I turned and said, “Horse.” I may have said it sternly. “You don’t have to come.” Meaning,
Thank you, you’ve done your bit, go on now, go home. Go and graze somewhere clean, go and chase white mares, go sleep for a thousand years till some stray mortal wanders by with another spill of whisky, go...

He just looked at me. Empty-headed, dumbest of blonds, mute of malice.

He didn’t go.

Emphatically, he didn’t go.

I sighed, and beckoned him forward with a jerk of my head. “Come on, then. Don’t follow me, it’s creepy.”

I don’t suppose anyone had ever called him creepy before, in quite that tone of voice.

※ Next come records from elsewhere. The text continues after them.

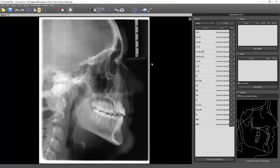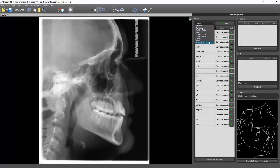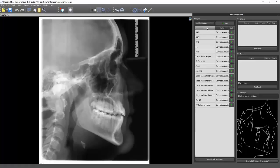Okay, so here's my ceph. We can come over to this drop-down right here, and there are various different analyses you can run. The one we're going to use right now is the Modified Steiner. This is what is taught in the Garrity Orthodontic course, and it's the one I'm most familiar with. We're just going to hit Run, and if you watch over here, it's going to tell you what you're trying to mark.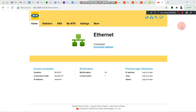Hello viewers, this is your boy Sir Peter. If today is your first time on my channel, kindly subscribe in order not to miss any of my videos. Today we are going to learn how to manage data consumption on MTN TableNet router.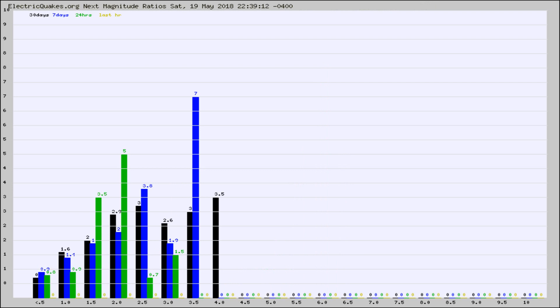Again, the black column is 30 days, blue is 7, green is 24 hours, and gold is in the last hour.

I don’t suppose it mattered. I don’t suppose it made the least difference in the world, not to him – but he came up and paced beside me, which made all the difference in the world to me. If a creature of unknown power and enormous impact is going to loom at you, better to have him looming in the corner of your eye, rather than in some indefinable sense you can’t quite get a grip on. That’s unnerving; this was just annoying, and I could scowl at him sideways and grumble as we went. Which did help, actually, because I really wasn’t looking forward to what waited.

 

 

W
E CROSSED THAT
dreary plain, and rusting residual fencewire curled and snapped at his approach so that we could just walk straight through. I have no idea how he does that, none.

We crossed a road – empty, utterly – and came to the refinery, where the fence was bright and recent steel. Not a problem. I could have been over it in a moment even without my Aspect – which seemed to have been left behind on that wild ride, or else it was lurking, sulking, outfaced, something: not there, at any rate, not where I had had it wrapped about me the last time I thought about it, and not obviously within reach – but again, I didn’t need to make the effort. He tossed his bare head at it and bolts sprang apart, metal fizzed and crumpled, it might as well have been kitchen foil for all the strength it had.

We stepped delicately through, and here we were.

Left at the gas-holders; second incinerator down. I hadn’t forgotten my directions.

Here I was, at the foot of a hundred-foot chimney and not going to climb it, no.

Not needing to.

I just looked up to where its flare burned and roared against the night. And wondered vaguely about security guards, alarms, whatever – but there didn’t seem to be any, so I took a breath and called out.

Called up.

Nice and simple, the way I’d called to Horse while he still lay in chalk; it seemed to be the mood of the night.

“Hey, Thom. Thomagata! Want to come down and talk to me? It’s important.”